Aamer Anwar was first to answer and spoke of his mother, and father - who is currently in a care home - and said he would be "better off at home."

He called it "heartbreaking" and said Scots have a right to see their loved ones. 

For Mr Anwar, the mental health impact of care home restrictions extends beyond the residents, "but also the family members who have had enough."

Conservative MP added that the Scottish government has a responsibility to support care home residents who want to see their families. 

He said: “Many would just prefer to have a way of seeing their loved ones, even if there is a slightly increased risk.”

Mr Gray called it a "balance of risk".

And Ayesha Hazarika talked of the "tragedy" of the thousands of people who "never got to say goodbye to loved ones."


"The student situation”

The next question was proferred by a trainee nurse who asked whether the government had put the economy before student wellbeing. 

Professor Heather McGregor said universities had been working hard to give students the choice of studying on campus or virtually from home.

She said: “Every university in Scotland have really gone out of our way to make it possible for students to have a choice.”

"We've met all of these technical challenges, and I respect the students that want to come back to Scotland.

"I think a university education isn't just about what you get in the classroom.

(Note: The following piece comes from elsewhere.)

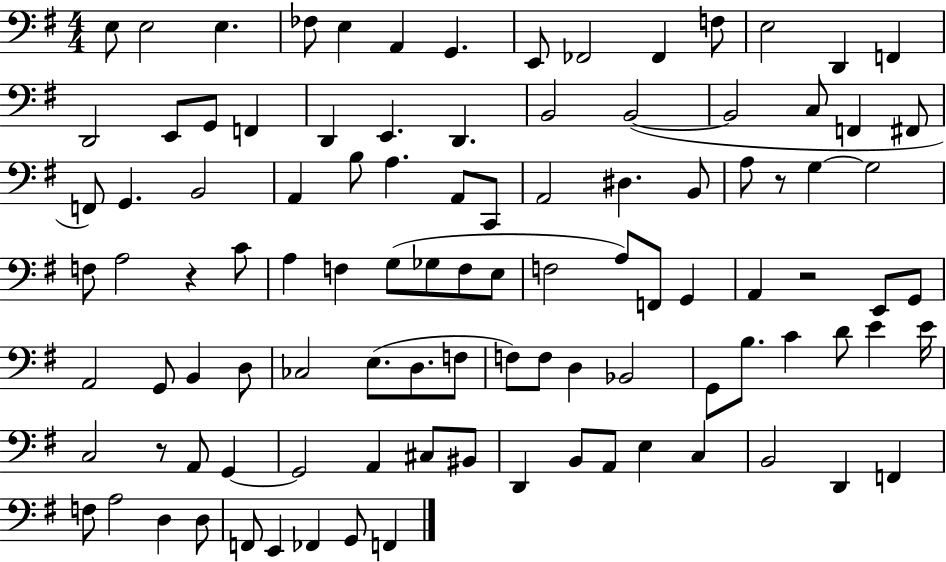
E3/e E3/h E3/q. FES3/e E3/q A2/q G2/q. E2/e FES2/h FES2/q F3/e E3/h D2/q F2/q D2/h E2/e G2/e F2/q D2/q E2/q. D2/q. B2/h B2/h B2/h C3/e F2/q F#2/e F2/e G2/q. B2/h A2/q B3/e A3/q. A2/e C2/e A2/h D#3/q. B2/e A3/e R/e G3/q G3/h F3/e A3/h R/q C4/e A3/q F3/q G3/e Gb3/e F3/e E3/e F3/h A3/e F2/e G2/q A2/q R/h E2/e G2/e A2/h G2/e B2/q D3/e CES3/h E3/e. D3/e. F3/e F3/e F3/e D3/q Bb2/h G2/e B3/e. C4/q D4/e E4/q E4/s C3/h R/e A2/e G2/q G2/h A2/q C#3/e BIS2/e D2/q B2/e A2/e E3/q C3/q B2/h D2/q F2/q F3/e A3/h D3/q D3/e F2/e E2/q FES2/q G2/e F2/q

It's about the whole person, living away from home, educating yourself about how to manage your finances, how to discipline your time."

However, Aamer Anwar expressed his anger for the student situation and Jamie Halcro Johnson criticised the Scottish government’s handling of the coronavirus outbreaks in student halls of residence.

Mr Anwar said: “Universities have gambled with students’ health, what happened was entirely predictable and entirely avoidable.”

"What exactly have [university senior management] been doing for the last several months, over the course of the summer, preparing for the students coming back?"

"To cram them in like sardines, when we're in the midst of a pandemic, and we know we're on the cusp of a second wave, and to say 'we're surprised that it's spread so fast' - of course it was going to spread."

He added: "What I'm demanding of all the universities in Scotland is that they should be given a full rebate, if they are online classes and they don't have blended learning they should be allowed to return home, and on top of that they should not be penalised."


“White supremacy”

Ayesha Hazarika criticised Donald Trump for his failure to condemn white supremacist groups during the US Presidential Debate.

And Mr Gray expressed concern about having to rely on Boris Johnson's "moral compass" to handle the UK's trade negotiations post-brexit.

However, an audience member said it would be disrespectful not to want to trade with the US because of Donald Trump, as he was democratically elected.

He said: “We need to respect that he was put there by the American people.”

Prof McGregor added: "Never bet against the United States, because it's a very big economy.

"Deciding to not do trade with the United States might be a bit of an own goal."